MAKE A LIST OF ALL POSSIBLE COSTS. THERE ARE THE OBVIOUS LIKE TRANSPORTATION, LODGING AND MEALS. AND THE COSTS OF DISPLAYS, PACKING AND MARKETING. AND THE COSTS OF THE PARTS USED TO MAKE THE PIECES WHICH SELL.

ENTRY FEES WILL VARY WIDELY FROM SHOW TO SHOW. THEY COULD COST $25/DAY UP TO $400 AND UP PER DAY. THEY COULD GO AS HIGH AS $5000 PER DAY.
 
 IF YOU HAVE A SPECIFIC CRAFT SHOW IN MIND, REVIEW THEIR RULES, AND WHAT THEIR ENTRY FEES COVER, AND DO NOT COVER. WHAT ARE THE COSTS OF EXTRAS, LIKE ELECTRICITY, TABLES, SPECIAL LIGHTING? DO THEY ALSO COLLECT A PERCENT OF SALES? DO THEY OFFER SPECIAL SERVICES, LIKE BOOTH SITTING, FOR EXTRA FEES? IS PARKING FREE, OR DO THEY CHARGE? DO YOU NEED TO PROVIDE ADDITIONAL INSURANCE? WILL YOU NEED TO PURCHASE SPECIAL LICENSES, REGISTRATIONS AND PERMITS, SUCH AS AN OUT OF STATE WHOLESALE LICENSE?

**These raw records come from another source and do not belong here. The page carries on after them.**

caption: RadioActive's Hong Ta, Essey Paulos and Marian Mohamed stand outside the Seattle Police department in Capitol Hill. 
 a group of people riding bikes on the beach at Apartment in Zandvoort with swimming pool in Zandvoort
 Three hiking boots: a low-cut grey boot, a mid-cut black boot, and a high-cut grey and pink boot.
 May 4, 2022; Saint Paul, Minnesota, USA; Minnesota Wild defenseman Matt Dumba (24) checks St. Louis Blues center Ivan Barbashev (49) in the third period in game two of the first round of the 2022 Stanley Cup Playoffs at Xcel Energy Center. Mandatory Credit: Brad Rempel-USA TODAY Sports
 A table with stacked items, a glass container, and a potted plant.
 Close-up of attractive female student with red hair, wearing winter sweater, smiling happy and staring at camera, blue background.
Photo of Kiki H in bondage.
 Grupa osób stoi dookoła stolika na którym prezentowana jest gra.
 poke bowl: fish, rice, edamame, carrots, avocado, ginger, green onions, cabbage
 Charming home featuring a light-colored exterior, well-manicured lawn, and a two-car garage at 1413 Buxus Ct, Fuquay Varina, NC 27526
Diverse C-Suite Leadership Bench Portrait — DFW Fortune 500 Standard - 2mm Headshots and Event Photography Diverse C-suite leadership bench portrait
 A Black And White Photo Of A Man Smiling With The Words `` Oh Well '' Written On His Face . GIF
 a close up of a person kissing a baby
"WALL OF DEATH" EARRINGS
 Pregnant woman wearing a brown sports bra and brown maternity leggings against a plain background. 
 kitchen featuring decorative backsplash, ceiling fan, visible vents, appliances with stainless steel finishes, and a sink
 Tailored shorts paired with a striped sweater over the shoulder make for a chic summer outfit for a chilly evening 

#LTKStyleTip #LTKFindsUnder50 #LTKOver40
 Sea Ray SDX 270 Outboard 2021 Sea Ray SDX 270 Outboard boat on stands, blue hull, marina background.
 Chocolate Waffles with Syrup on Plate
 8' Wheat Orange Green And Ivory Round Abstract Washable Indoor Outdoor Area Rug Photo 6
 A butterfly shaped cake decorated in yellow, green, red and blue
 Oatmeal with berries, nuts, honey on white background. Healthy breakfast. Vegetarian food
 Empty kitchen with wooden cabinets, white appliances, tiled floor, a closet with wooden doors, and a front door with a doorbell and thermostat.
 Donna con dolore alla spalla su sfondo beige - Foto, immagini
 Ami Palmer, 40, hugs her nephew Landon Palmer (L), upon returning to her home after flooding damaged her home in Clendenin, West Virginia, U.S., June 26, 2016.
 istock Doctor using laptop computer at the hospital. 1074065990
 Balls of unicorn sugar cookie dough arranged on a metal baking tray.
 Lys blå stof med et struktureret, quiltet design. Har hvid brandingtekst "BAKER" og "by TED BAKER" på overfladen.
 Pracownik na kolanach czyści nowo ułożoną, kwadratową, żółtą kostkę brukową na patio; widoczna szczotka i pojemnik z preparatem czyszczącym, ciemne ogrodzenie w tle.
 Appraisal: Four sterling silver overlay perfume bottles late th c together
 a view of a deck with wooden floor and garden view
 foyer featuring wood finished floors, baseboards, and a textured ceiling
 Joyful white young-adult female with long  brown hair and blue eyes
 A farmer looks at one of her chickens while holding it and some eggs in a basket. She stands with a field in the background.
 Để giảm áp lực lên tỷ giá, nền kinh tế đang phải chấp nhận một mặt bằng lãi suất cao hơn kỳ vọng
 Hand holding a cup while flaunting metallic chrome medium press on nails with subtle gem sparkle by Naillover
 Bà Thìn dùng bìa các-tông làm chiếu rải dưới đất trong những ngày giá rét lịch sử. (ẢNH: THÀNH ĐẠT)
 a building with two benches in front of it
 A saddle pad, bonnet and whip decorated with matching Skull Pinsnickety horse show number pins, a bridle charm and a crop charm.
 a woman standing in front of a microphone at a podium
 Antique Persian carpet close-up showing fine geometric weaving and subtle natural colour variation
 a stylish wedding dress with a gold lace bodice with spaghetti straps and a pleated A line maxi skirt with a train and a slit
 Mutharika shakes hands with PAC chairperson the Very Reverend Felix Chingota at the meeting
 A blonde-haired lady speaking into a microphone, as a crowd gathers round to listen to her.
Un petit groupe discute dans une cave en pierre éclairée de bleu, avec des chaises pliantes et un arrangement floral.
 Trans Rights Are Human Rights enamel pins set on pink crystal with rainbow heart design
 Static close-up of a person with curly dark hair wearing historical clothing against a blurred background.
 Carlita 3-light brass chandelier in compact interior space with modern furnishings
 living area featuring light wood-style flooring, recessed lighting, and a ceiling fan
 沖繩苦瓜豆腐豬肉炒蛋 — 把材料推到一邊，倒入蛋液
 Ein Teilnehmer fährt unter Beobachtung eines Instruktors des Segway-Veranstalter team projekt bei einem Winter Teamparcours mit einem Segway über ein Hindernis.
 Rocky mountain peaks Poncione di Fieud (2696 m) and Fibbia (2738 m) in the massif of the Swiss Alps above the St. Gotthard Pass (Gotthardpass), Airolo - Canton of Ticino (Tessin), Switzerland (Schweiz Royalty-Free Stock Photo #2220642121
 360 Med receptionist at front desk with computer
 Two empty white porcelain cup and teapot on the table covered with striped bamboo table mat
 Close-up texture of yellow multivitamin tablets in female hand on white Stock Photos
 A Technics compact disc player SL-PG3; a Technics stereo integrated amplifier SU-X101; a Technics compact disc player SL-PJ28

YOU NEED TO PREPARE A PLAN AND A BUDGET…
 
…TO BE SURE YOU CAN PAY FOR WHAT YOU ARE COMMITTING YOURSELF TO.

(1) Understand different types of costs and how to account for them

(2) Learn to apply simple Breakeven Analysis Formula

(3) Set revenue goals

(4) Determine how much inventory you need to bring with you

(5) Think about reinvestment

4.1. Types of Costs

FIXED COSTS: FIXED COSTS ARE COSTS THAT REMAIN THE SAME, REGARDLESS OF HOW MANY ITEMS YOU SELL AT YOUR CRAFT FAIR.

FIXED COSTS INCLUDE THINGS LIKE FEES, TRAVEL, FOOD, AND STAFFING. AGAIN, YOU HAVE TO LAY OUT THIS MONEY FOR FIXED COSTS, WHETHER YOU MADE NO MONEY AT ALL, OR MADE A BUCKET FULL OF MONEY AT YOUR CRAFT FAIR.

VARIABLE COSTS: VARIABLE COSTS ARE COSTS THAT GET INCURRED WHEN EACH UNIT IS SOLD.

THUS, VARIABLE COSTS FLUCTUATE BASED ON THE NUMBER OF UNITS SOLD. IF YOU SELL VERY FEW PIECES, YOUR VARIABLE COSTS ARE SMALL, IF YOU SELL A LOT OF PIECES, YOUR VARIABLE COSTS WILL BE MUCH HIGHER.

VARIABLE COSTS INCLUDE SPECIAL PACKAGING AND DISPLAYS, BROCHURES AND BUSINESS CARDS HANDED OUT WITH EACH SALE, CREDIT CARD FEES YOU ARE CHARGED BY THE BANKS AFTER EACH SALE, AND THE COST OF THE PARTS USED TO MAKE EACH PIECE THAT HAS SOLD.

WE ESTIMATE VARIABLE COSTS USING SOME INDUSTRY STANDARDS ABOUT THE PERCENT OF TOTAL SALES (USING RETAIL PRICES) THESE COSTS ARE ASSOCIATED WITH.

WHEN WE CALCULATE THE COST OF INVENTORY, WE DIFFERENTIATE BETWEEN THE COST OF THOSE PIECES WHICH WE HAVE SOLD FROM THE COST OF THOSE PIECES WE DID NOT SELL.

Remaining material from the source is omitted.